Querying Amazon VPC flow logs - Amazon Athena
Services or capabilities described in Amazon Web Services documentation might vary by Region. To see the differences applicable to the China Regions, see Getting Started with Amazon Web Services in China (PDF).

Querying Amazon VPC flow logs

Amazon Virtual Private Cloud flow logs capture information about the IP traffic going to and from network interfaces in a VPC. Use the logs to investigate network traffic patterns and identify threats and risks across your VPC network.
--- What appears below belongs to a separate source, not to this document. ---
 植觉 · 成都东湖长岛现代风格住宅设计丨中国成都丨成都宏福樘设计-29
To query your Amazon VPC flow logs, you have two options:

  • Amazon VPC Console – Use the Athena integration feature in the Amazon VPC Console to generate an Amazon CloudFormation template that creates an Athena database, workgroup, and flow logs table with partitioning for you. The template also creates a set of predefined flow log queries that you can use to obtain insights about the traffic flowing through your VPC.
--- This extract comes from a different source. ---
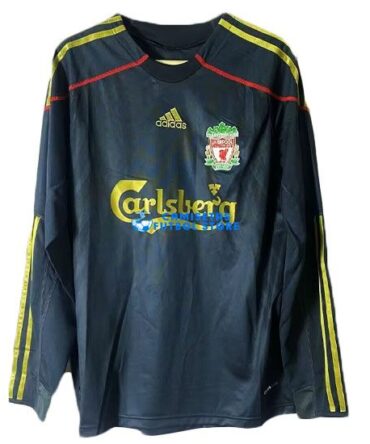 Camiseta Liverpool 2ª Equipación 2009/2010 Manga Larga Retro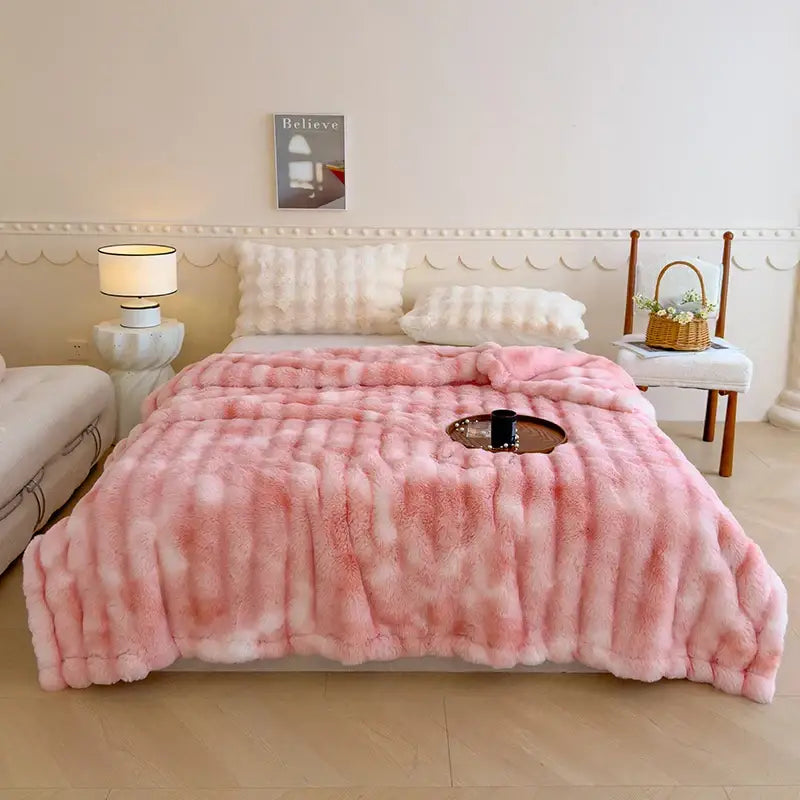 Gradient Grey Cashmere Throw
    For information about this approach, see Query flow logs using Amazon Athena in the Amazon VPC User Guide.

  • Amazon Athena console – Create your tables and queries directly in the Athena console. For more information, continue reading this page.

Creating and querying tables for custom VPC flow logs

Before you begin querying the logs in Athena, enable VPC flow logs, and configure them to be saved to your Amazon S3 bucket. After you create the logs, let them run for a few minutes to collect some data. The logs are created in a GZIP compression format that Athena lets you query directly.

When you create a VPC flow log, you can use a custom format when you want to specify the fields to return in the flow log and the order in which the fields appear. For more information about flow log records, see Flow log records in the Amazon VPC User Guide.

Common considerations

When you create tables in Athena for Amazon VPC flow logs, remember the following points:

  • By default, in Athena, Parquet will access columns by name. For more information, see Handling schema updates.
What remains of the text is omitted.